IBMへの技術輸出は、ソニーに多額のロイヤルティをもたらしただけでなく、有形無形の相乗効果を生んだ。金銭面では、契約一時金一〇万ドル、ロイヤルティとして一巻あたり一〇セントの対価を、向こう一〇年間、IBMから受け取ることができること。対外的には信用と宣伝効果がある。当時の新聞はこの快挙を次のように報じている。
「いまIBMといえば、電子計算機では世界市場の七割を押える巨大企業。そこへ電子計算機の頭脳ともいえる記憶装置用の磁気テープのつくり方を教えるのだから、外国技術導入に明け暮れる日本の産業界にとって近頃にない朗報だ」(四十一年二月、朝日新聞)
そのうえ、IBMにソニーの株式を大量に売るという副産物まで飛び出した。これは財務担当の吉井の努力で実現したものだ。その前後のいきさつを簡単に振り返ってみよう。
前述のように〈ケネディ・ショック〉に端を発した四十年不況の反動で、ソニーの株価は完全に低迷期に入った。このため首脳陣が予定していた資本調達に狂いが出てきた。放置しておけば取り返しのつかない事態を招く。心配した吉井はひそかに打開策を模索していた。その結果、外人投資の誘致によって、当面の窮状を切り抜けようとはかった。その緒口をどこに求めるかが問題になった。
そんな矢先、IBMへの技術輸出の話がまとまった。IBMは世界有数の大企業だし、資本量も豊富だ。そのIBMに技術援助を提供するだけでなく、株をもってもらえば両社の絆はもっと深くなるに違いない。ソニーの株ももっと高くなる可能性を秘めている。そこをうまく強調すれば、話はまとまるかもしれないと吉井は思った。さっそく、井深と盛田に自分の構想を打ち明けた。井深も盛田も双手をあげて賛成してくれた。
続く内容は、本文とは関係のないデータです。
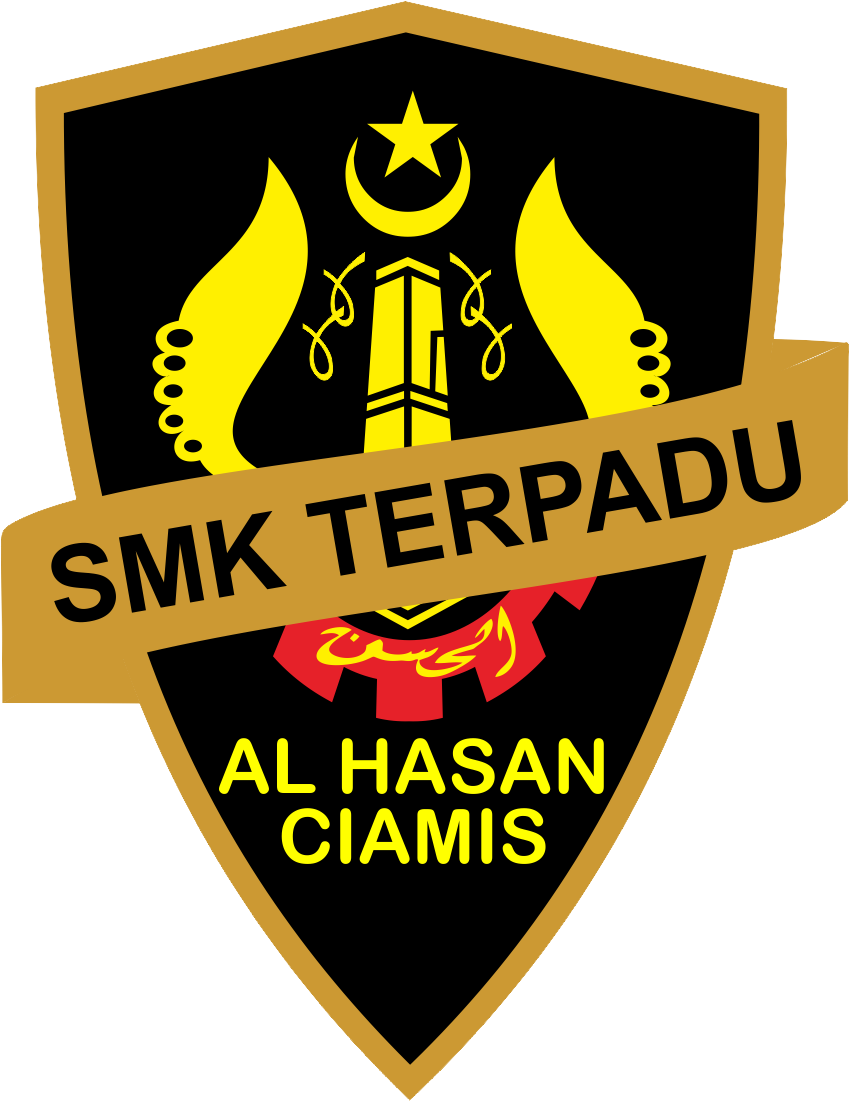 Logo Sekolah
トップの承認を得た吉井は、単身渡米した。そして契約交渉の際知り合った技術担当のバーケンシュタック副社長をIBM本社に訪ねた。
話合いは思いのほかうまく運んだ。バーケンシュタックが、インターナショナルセクションの財務担当者を紹介してくれ、時価六三三円の株を五〇万株引き受けてくれるという話がまとまったのだ。これをきっかけにソニー株は見直され、一気に一〇〇〇円台に突入する。これが口火となり、ふたたび日本に外人投資ブームが起こった。吉井は、ソニーの危機を救っただけでなく、低迷を続けていた証券市場の活性化にも一役かったわけだ。
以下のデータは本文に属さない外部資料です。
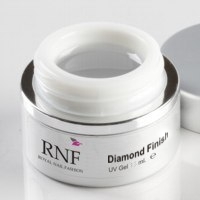 Diamond Finish 60 ml.(30+30)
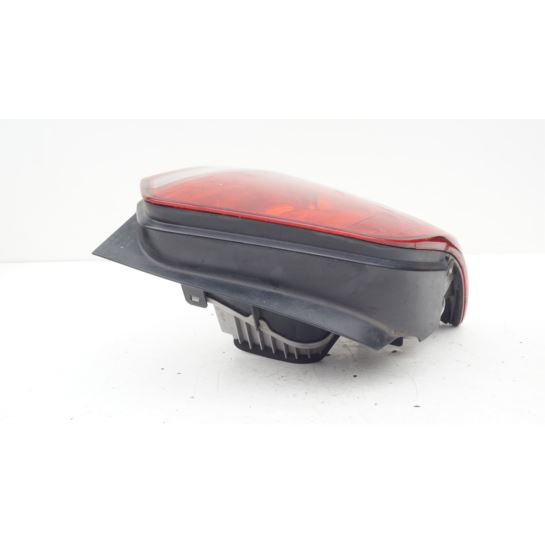Lampa tylna lewa Volkswagen POLO V 6R0945095N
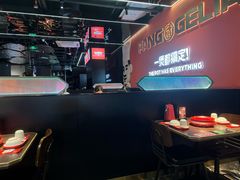 -胖哥俩肉蟹煲(福州仓山爱琴海店)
IBMがソニー株を購入する気になったのは、ソニー全体の技術力を高く評価したからにほかならない。ソニー技術陣はケネディ・ショック以降も画期的な商品づくりに挑戦を続け、内外で注目されていた。その商品の一つに電子式卓上計算機がある。これはIBMへの技術輸出のきっかけをつくった研究部長の植村が道楽半分に考案したものであった。
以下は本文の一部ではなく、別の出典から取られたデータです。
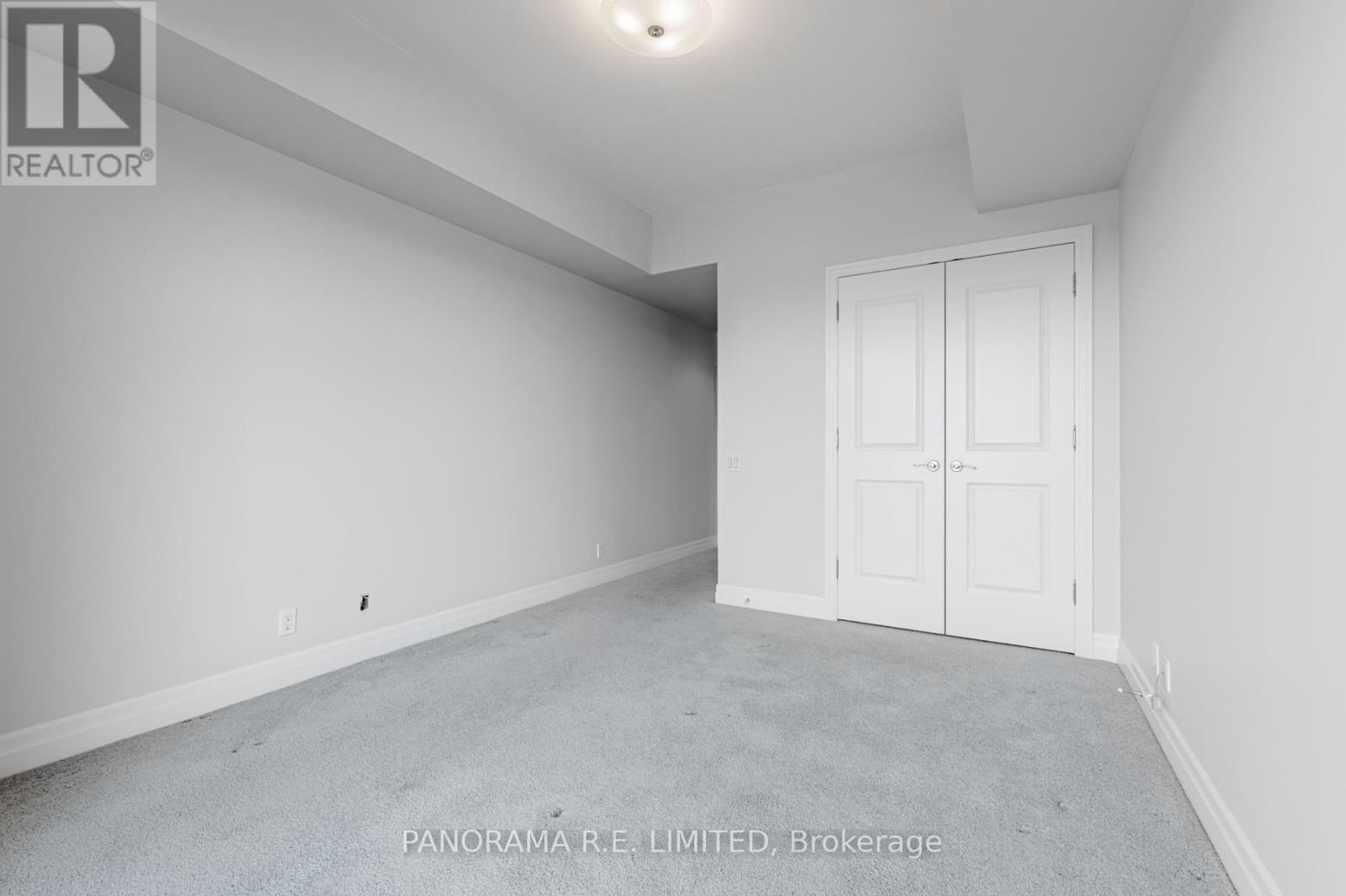 507 - 9 Burnhamthorpe Crescent, Toronto, Ontario  M9A 0A6 - Photo 23 - W12206171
植村は東京物理学校を出て、東北大理学部修士課程にすすみ、数学を専攻するかたわら、永井研究室でアルバイトがわりに助手を務めた。井深との交遊がはじまったのもその頃である。助教授時代には、陸軍技術研究所の嘱託となり、ドイツから技術導入したウルツブルクレーダー開発要員として活躍した実績ももっている。その植村が、戦後、鉄道技研を経てソニーに入ったのも、研究部門を強化してくれと井深に頼まれたのがきっかけである。ソニーに移っても、商品づくりにはいっさい関与せず、もっぱら、基礎研究を勝手気ままにやってきた。井深は文句をいわない。植村の才能を高く評価していたからだ。そんな個性的な植村も、若い研究者の育成には人一倍情熱を燃やした。その植村はいう。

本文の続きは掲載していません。